Captioned web images.
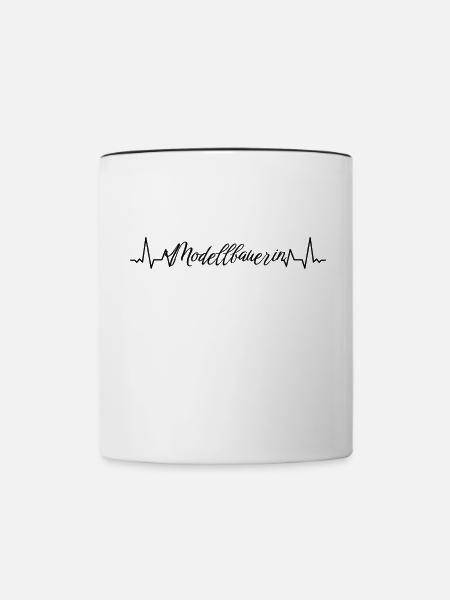 Technischer Herzschlag Modellbauerin - Tasse zweifarbig - Weiß/Schwarz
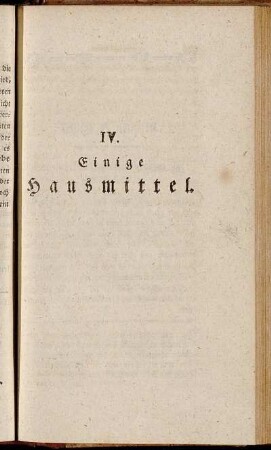 IV. Einige Hausmittel.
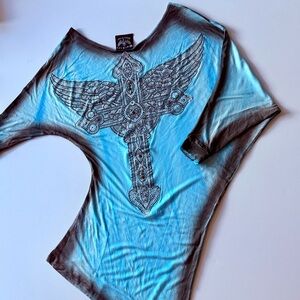 🔥 Black Label Couture Sky Blue Mini Dress
Size XS | Handmade in USA, 100% Cotton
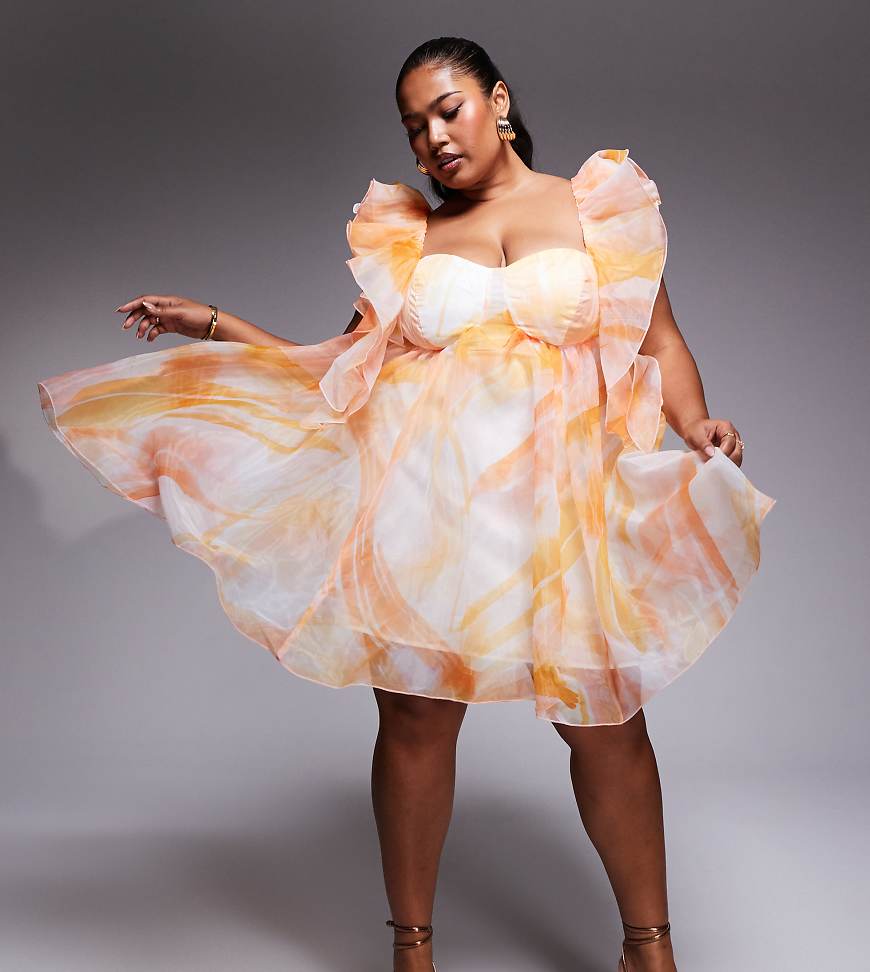 ASOS LUXE Curve - Kurzes Babydoll-Skater-Kleid aus Organza in Orange mit Blumenmuster von ASOS LUXE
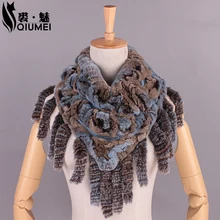 Winter Women Scarves With Tassel Rex Rabbit Fur Knitted 100 Real Fur Scarf New Women Luxury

TASK GOAL. Pictures excluded, output exactly the line that contains "Blue Mini Dress" and every line after it to the end of the data above.

RESULT FOR THIS TASK.
 🔥 Black Label Couture Sky Blue Mini Dress
Size XS | Handmade in USA, 100% Cotton
 ASOS LUXE Curve - Kurzes Babydoll-Skater-Kleid aus Organza in Orange mit Blumenmuster von ASOS LUXE
 Winter Women Scarves With Tassel Rex Rabbit Fur Knitted 100 Real Fur Scarf New Women Luxury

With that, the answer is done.